18.4As from the first annual general meeting of the Association one director shall be a member of the Cricket Club nominated by a general meeting of the Cricket Club and elected at an annual general meeting of the Association and shall serve for one year but be eligible for re-election. In the event that such a person is not so elected, the Directors of the Association shall as soon as practicable after the annual general meeting fill the vacancy in accordance with paragraph 18.8 of these Articles.

18.5Also as from the first annual general meeting of the Association one director shall be a member of the Hockey Club nominated by a general meeting of the Hockey Club and elected at an annual general meeting of the Association and shall serve for one year but be eligible for re-election.
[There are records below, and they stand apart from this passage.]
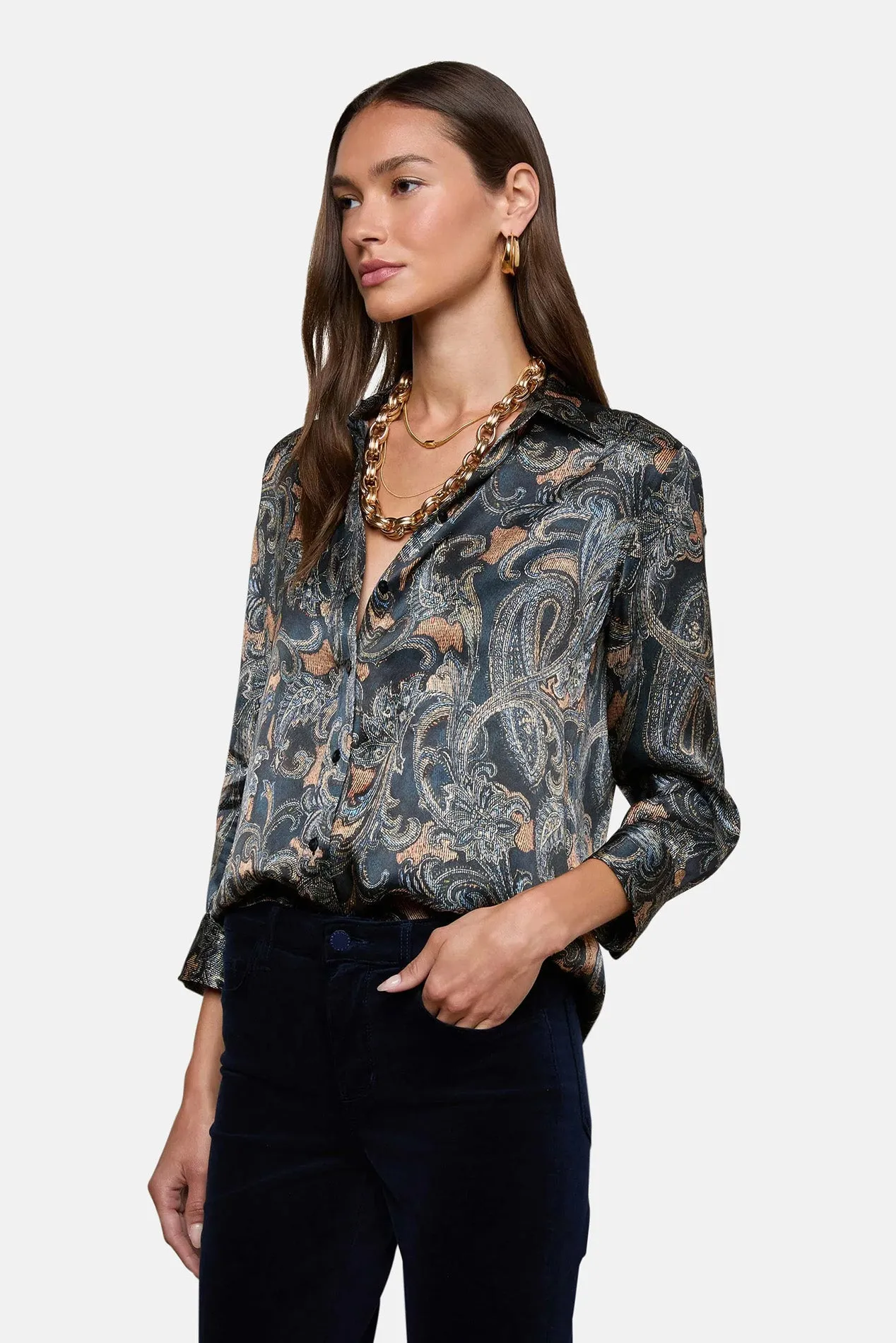Dani Silk Blouse Midnight Multi Etched Paisley sold by Blue & Cream product image thumbnail 2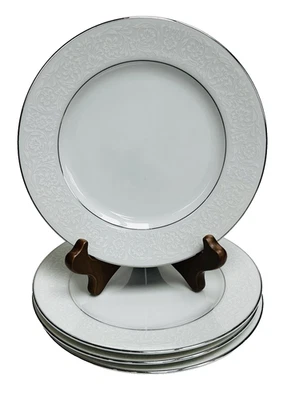 Juego de 4 Platos Grace FINE CHINA CONCERTO 6.5"~Blanco/Flores/Adorno Plateado~¡NUEVO! Foto 1 de 4
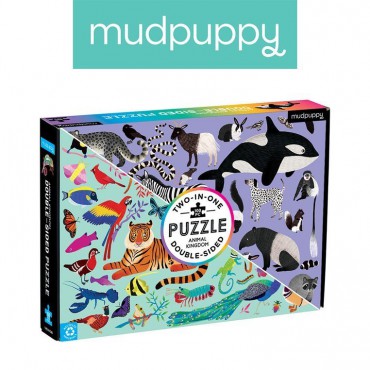 Puzzle dwustronne Królestwo zwierząt 100 elementów Mudpuppy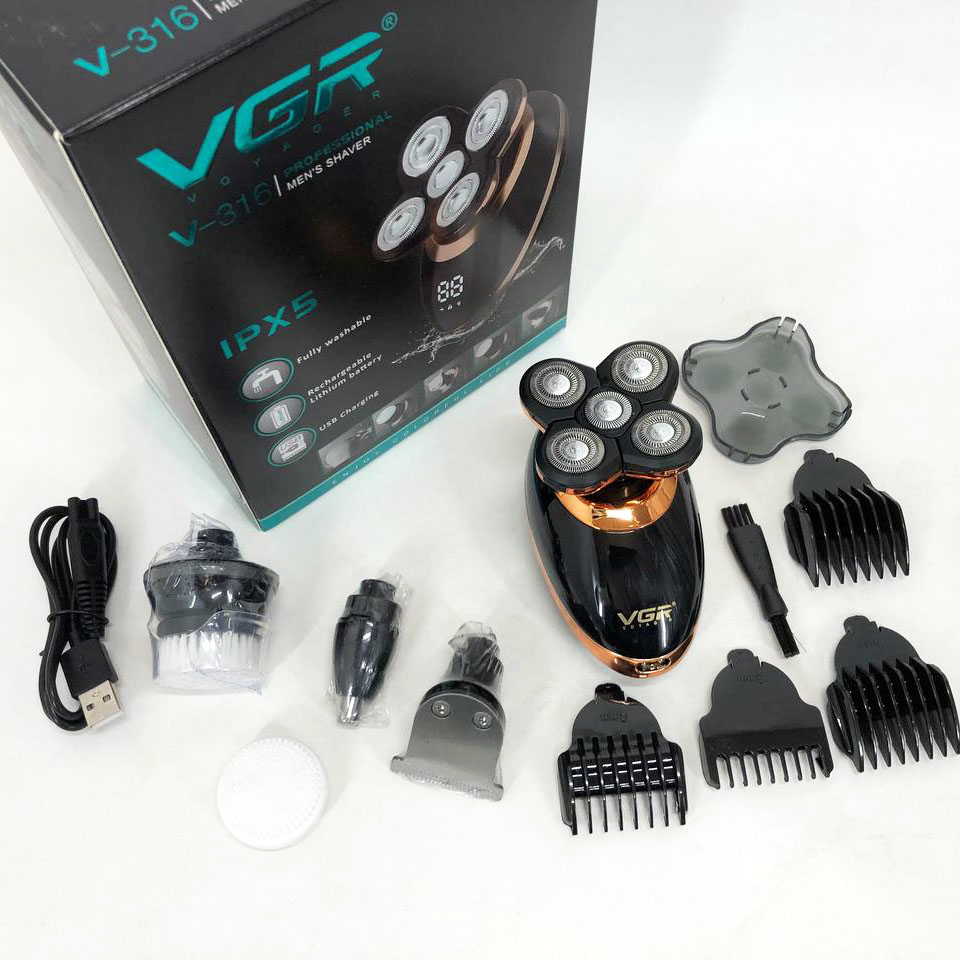 Электробритва VGR V-316, триммер для усов и бороды, аккумуляторная мужская бритва, триммер беспроводной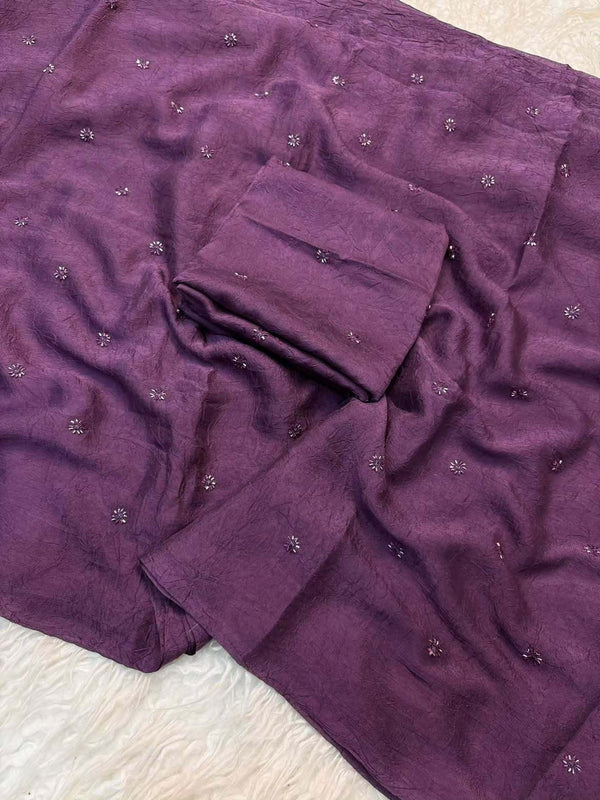 Partywear Crush Fabric Saree with Coffee Beads Butti Work — HOP163
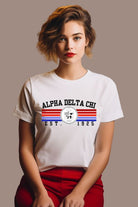 White graphic tee featuring the Alpha Delta Chi sorority letters and crest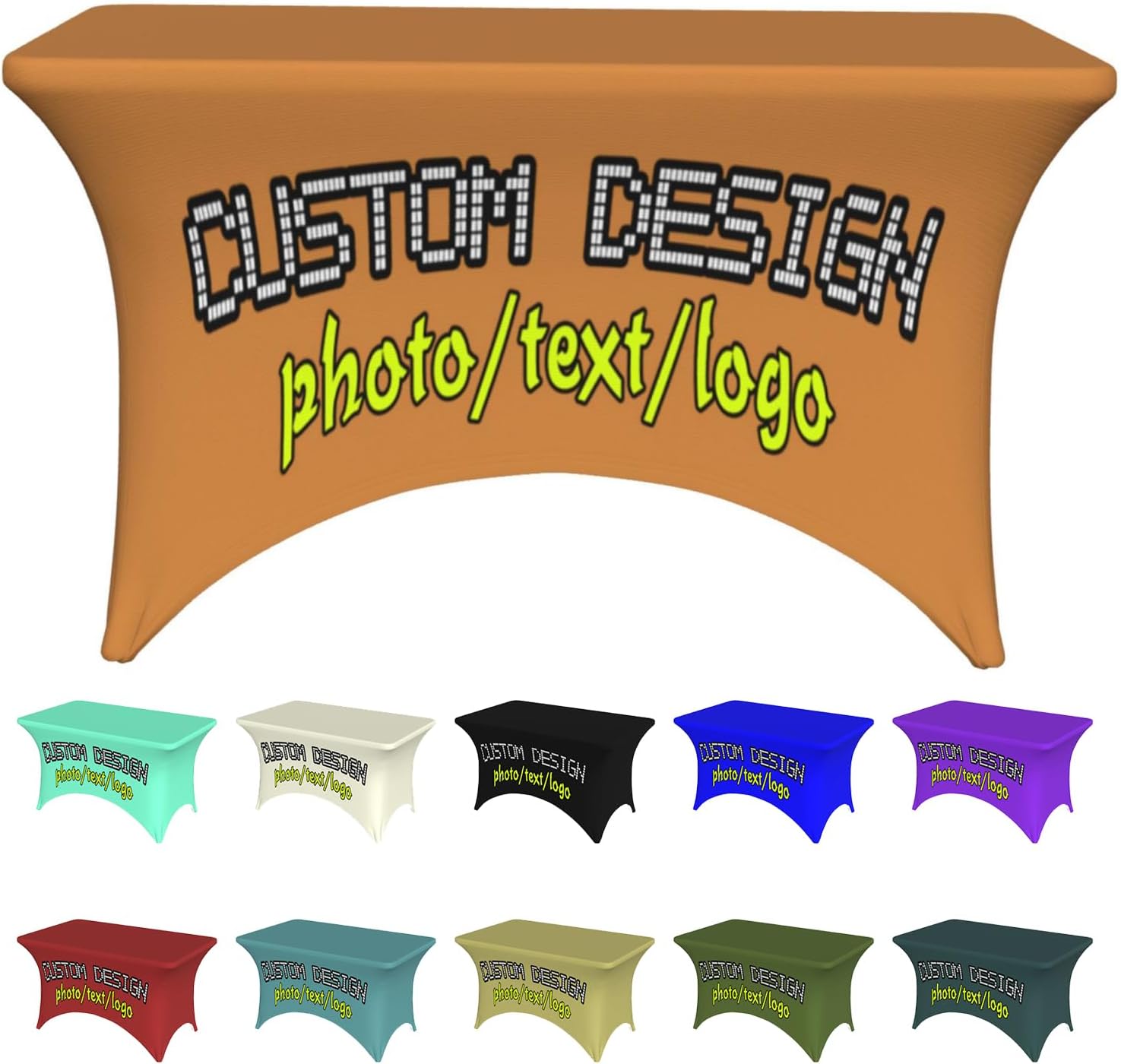 Custom Table Runner with Business Logo Customized Table Cloth with Logo Image Text Personalized Rectangle Table Cover for Birthday Wedding Anniversary Decoratio 4FT 28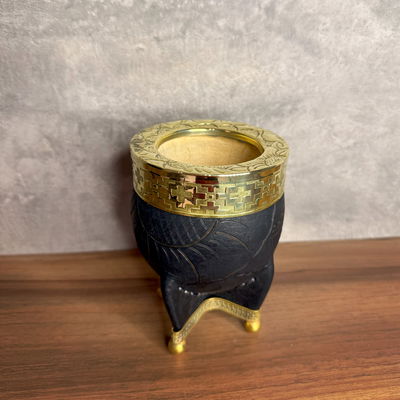 Mate Imperial EXCLUSIVO, Virola Bronce, Cuero Labrado, Base en Bronce -Modelo 43
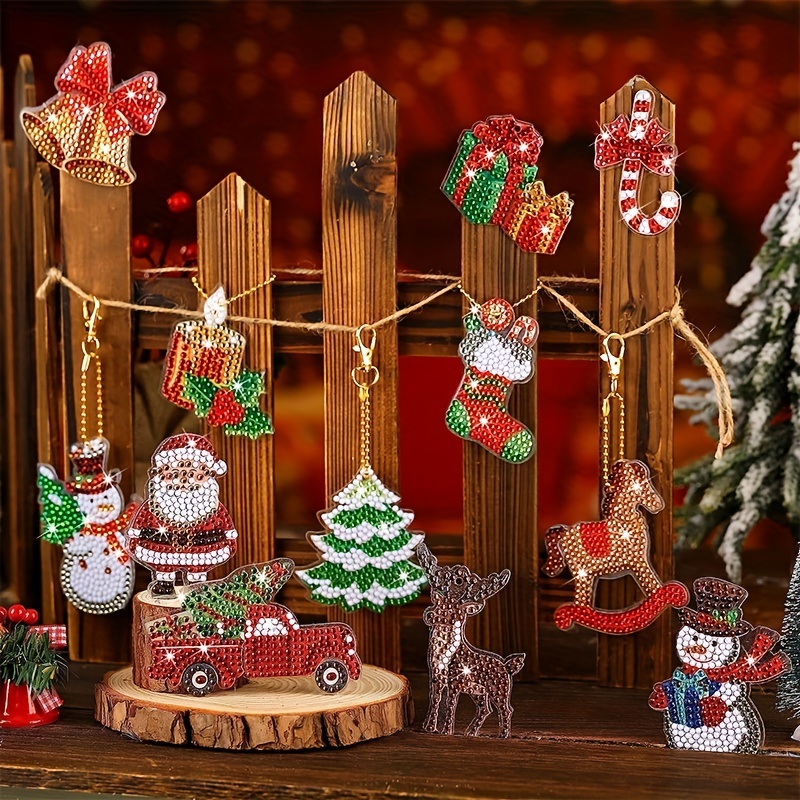 12pcs, Christmas Diamond Painting Keychain 5D DIY Diamond Painting Kit Christmas Hanging Diamond Art Kits Diamond Art Christmas Ornaments For Kids Christmas Crafts Family Decor, Party Gifts, Children's Gifts, Holiday Gifts, Birthday Gifts
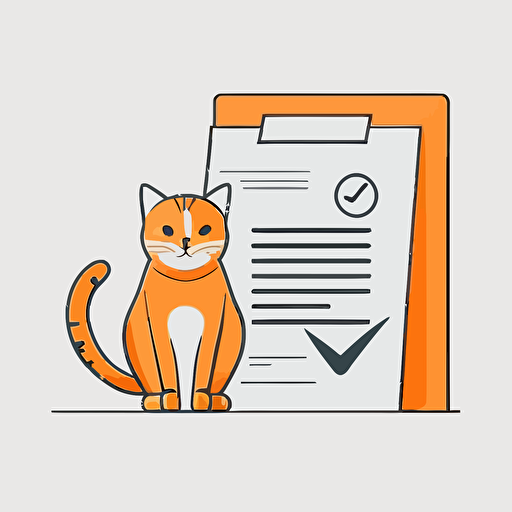 orange themed icon, cat, requirements document, minimalist, vector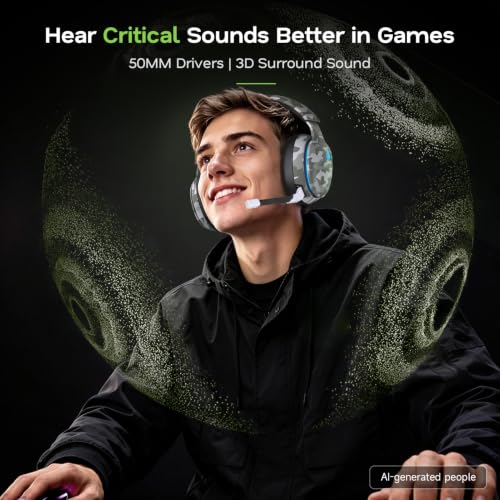 Image of AOC 2.4GHz Wireless Gaming Headset for PS5, PS4, PC, Switch, 45Hr, Camo | Bluetooth 6.0 Gaming Headphones with Noise Canceling Mic, 7.1 Virtual Surround, Great for Fortnite & Call of Duty /FPS Gamers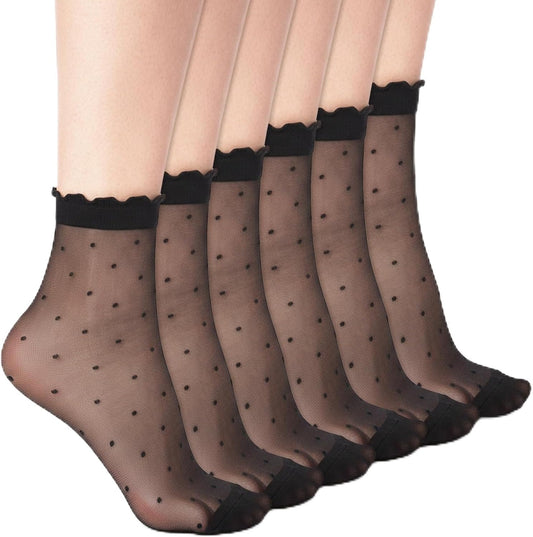3 Pairs Women Sheer Ankle Socks, Ruffle Polka Dot Lace Mesh Black Sheer Socks, Nylon Stretchy Breathable Thin V1258-DP02-A-2377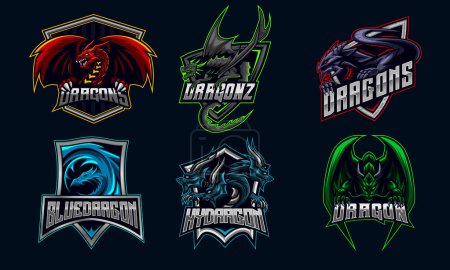 Dragon E-sport Logo Design Bundle Set , symbol, icon collection vector illustration gaming team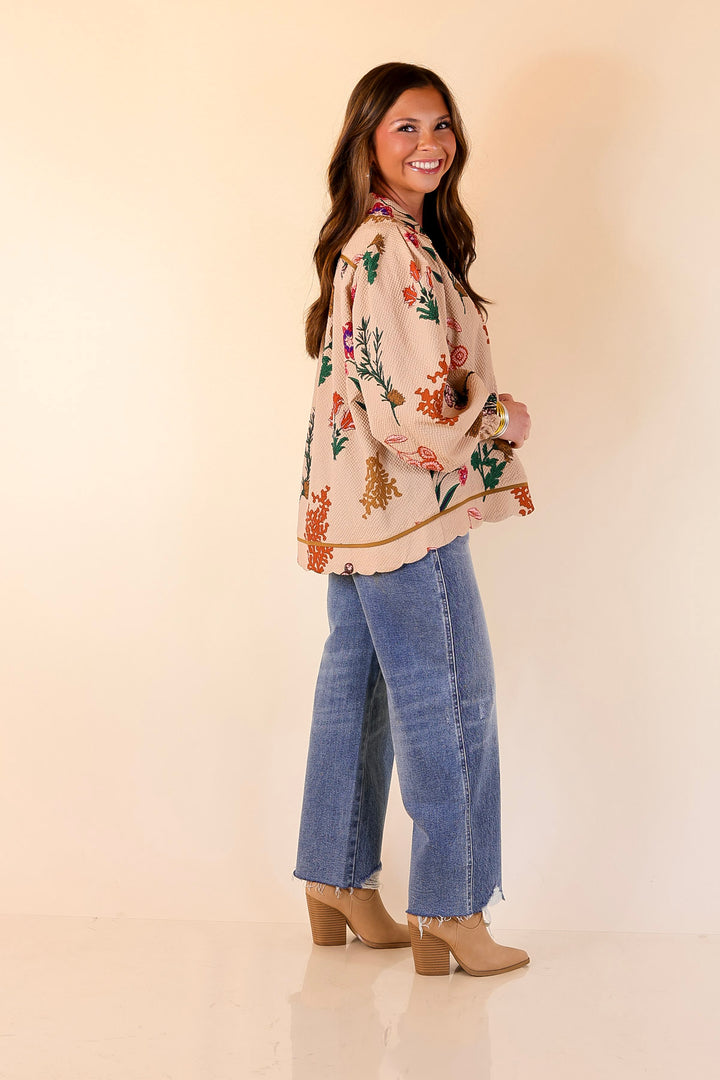 Garden Soirée Floral Print Collared Blouse with Long Balloon Sleeves in Tan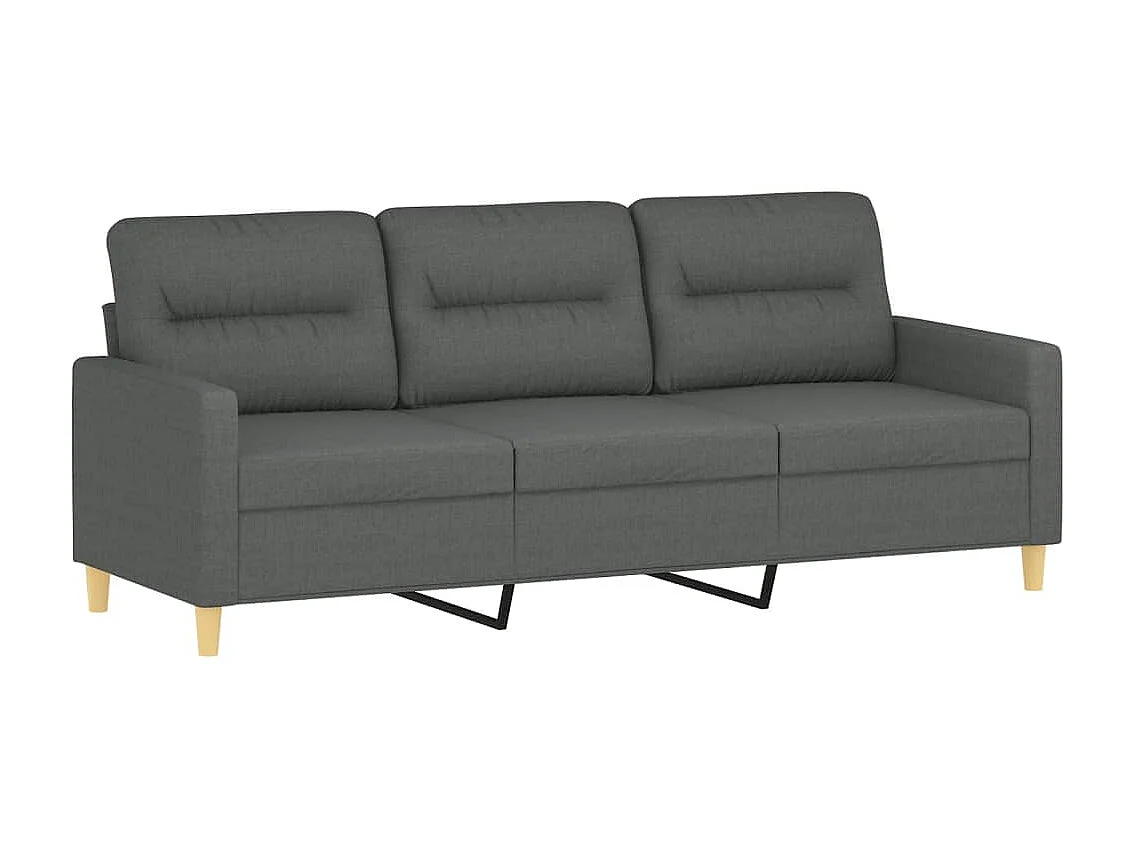 Canapé à 3 places avec oreillers gris foncé 180 cm tissu OLA6778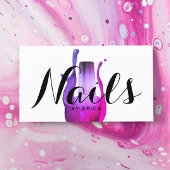 Nail Salon Moderner Lila polnischer Flaschenmaniku Visitenkarte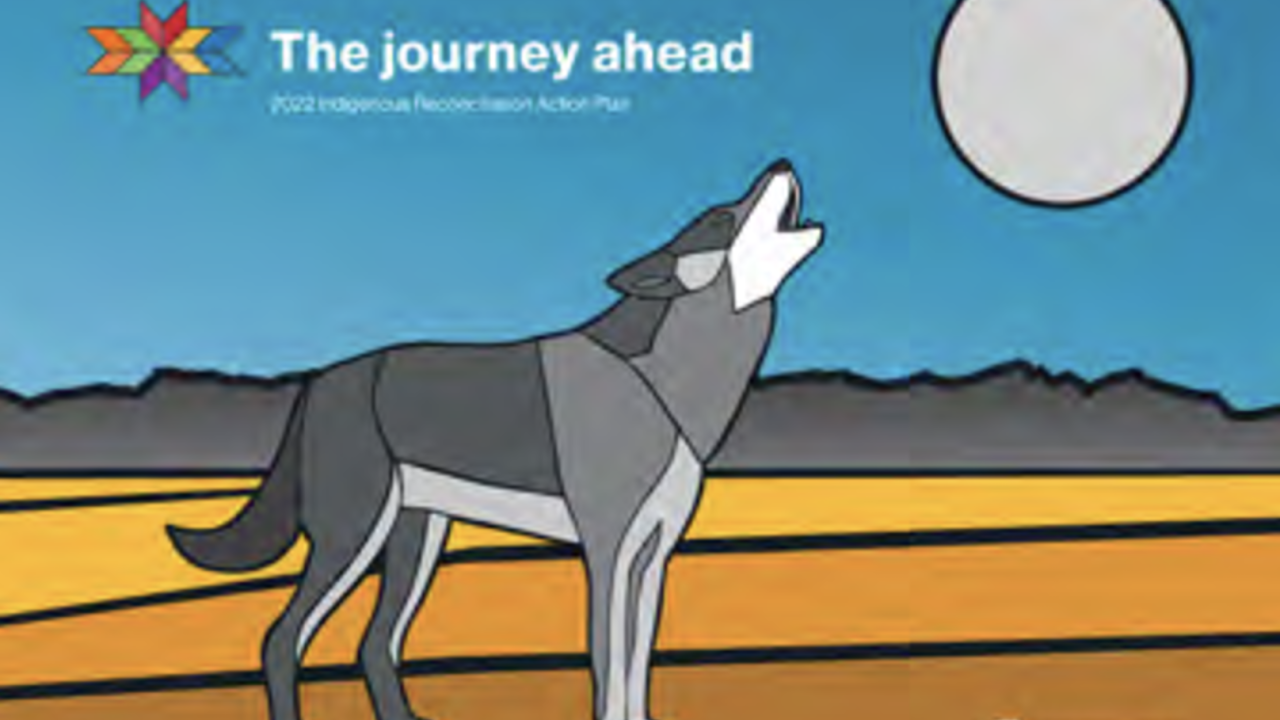 Illustration of a wolf howling at the moon wit the text"The journey ahead"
In the event that such a person is not so elected, the Directors of the Association shall as soon as practicable after the annual general meeting fill the vacancy in accordance with paragraph 18.8 of these Articles.

18.6The administrative affairs of the Association shall be managed by an Honorary Secretary who shall be a director and who shall be elected at an annual general meeting of the Association as director and Honorary Secretary and shall serve for one year but shall be eligible for re-election.

18.7The financial affairs of the Association shall be managed by an Honorary Treasurer who shall be a director and who shall be elected at the annual general meeting of the Association as director and Honorary Treasurer and shall serve for one year but shall be eligible for re-election.

18.8A casual vacancy arising among the elected directors or the offices of Honorary Secretary or Honorary Treasurer may be filled by the directors (or shall be filled if the number of directors has fallen below the minimum number) provided always that the person appointed to fill the vacancy shall hold office until such time as the person he replaced was due to retire but shall be eligible for re-election in accordance with these Articles. If the vacancy is of a Cricket Club or Hockey Club nominated director, the replacement shall if at all possible be from the same Club.